Here are the three questions you must answer to determine your route to becoming the market leader in your industry. Read of to find out more....

Which airline is the #1 player?

If you ask this question in the USA, you’ll probably find that Southwest Airlines is the leader, while in Europe it’s Ryanair. If you look at long-haul flights then Singapore Airlines is often passengers’ first choice, particularly if they’re flying first class. Alternatively, Turkish Airlines has flights to the most countries, but American Airlines is the biggest and most profitable airline business of all.

All of these airlines can claim to be #1, even though they serve different markets, offer different propositions and have created different sets of competitive advantages.

FlyBe, on the other hand, has no claim to be #1. It’s a nice enough airline but is unable to beat Ryanair at the low-fare end of the market. It is unable to complete with the full-fare airlines on the provision of a high-service experience on European flights. Unsurprisingly, FlyBe is losing cash and has recently posted a £20 million loss.

It’s the same in other industries. Unless you are #1 in your market, it’s likely that you will struggle to generate the revenues and profits necessary for you to thrive. Like FlyBe, you will simply be locked into a cycle of anaemic profits, periodic losses and the constant threat of failure.

The good news is that you don’t necessarily need to be the biggest player in the market to be a leader that can thrive. As with the airline industry, there are different ways to achieve that status.
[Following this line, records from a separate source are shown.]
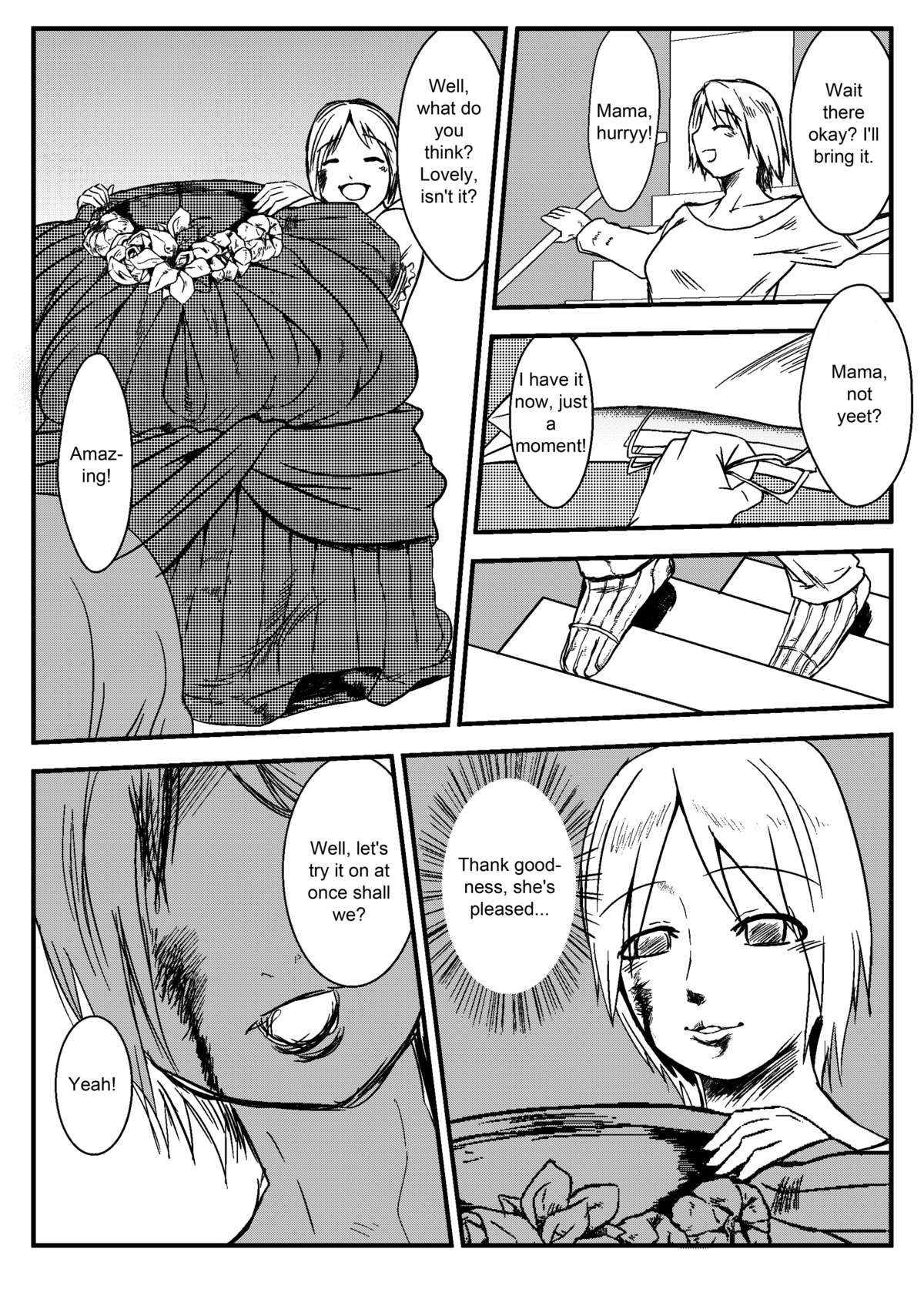 Yuganda Oyako no Aijou | Warped parent and child's affection page 8 full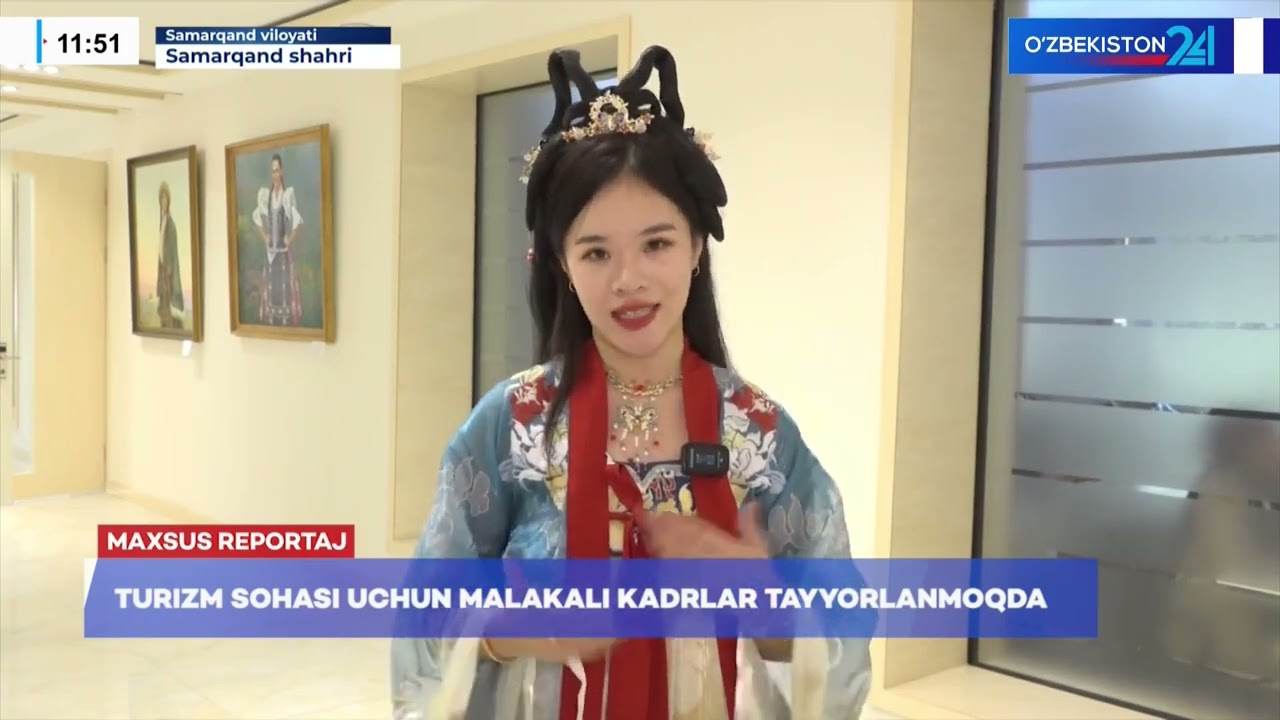 Turizm sohasi uchun malakali kadrlar tayyorlanmoqda I Maxsus reportaj (27.09.2025)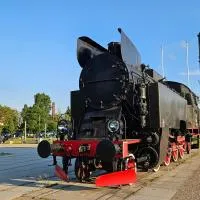 Artystyczna przestrzeń przy Zabytkowym Dworcu, hotel v destinácii Iława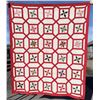 Image 1 : 1930s Pennsylvania Star Garden Maze Quilt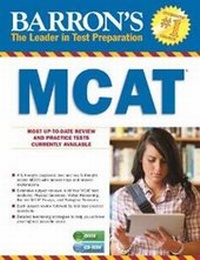 Enlarge image Cover: Mcat with CDROM - Barron's Educational Series Inc.,U.S.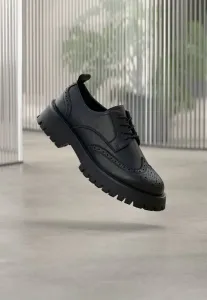 Универсальные ботинки на шнуровке Pier One, Black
Here are the three questions you must answer to determine your route to market leadership:

  1. What is your playing field?

    Every company operates on a different playing field. Your playing field comprises four elements:  the products and services you offer, your target customers, your geographical reach and the channels you are using to reach your customers. What is the playing field that you wish to create? Ryanair’s playing field is to provide short-haul flights to Europe’s budget-focused travellers. While Singapore Airlines is more focused on business and high-income global flyers.

  2. How will you win?

    You must then choose how you will win in that market. Are you going to be the lowest price operator, like Ryanair or the service leader, like Singapore Airlines? Alternatively, you may wish to be the convenience leader (e.g. Amazon, McDonalds), the product leader (Apple, BMW) or the solutions leader (IBM, McKinsey) of your particular market.

  3. Will your strategy deliver sustainable returns?

    A desire to be Nottinghamshire’s #1 airline may enable you to become a #1 player in that market. But if the market isn’t attractive enough – and, as far as I know, the passenger demand for flights from Worksop to Mansfield is not that high! – it’s unlikely that you’ll be able to deliver the returns needed for sustainable success. Similarly, an ambition to be China’s #1 airline may seem attractive. But if you haven’t got the assets, relationships or know-how to compete effectively in that market, it’s unlikely that you will be able to turn your ambition into reality.


Without a commitment and strategy to becoming and remaining a true market leader, you will struggle to survive. Let alone thrive! But, by identifying a sustainable way to lead your own particular playing field you can justifiably claim to be #1.


How will you become your market’s #1?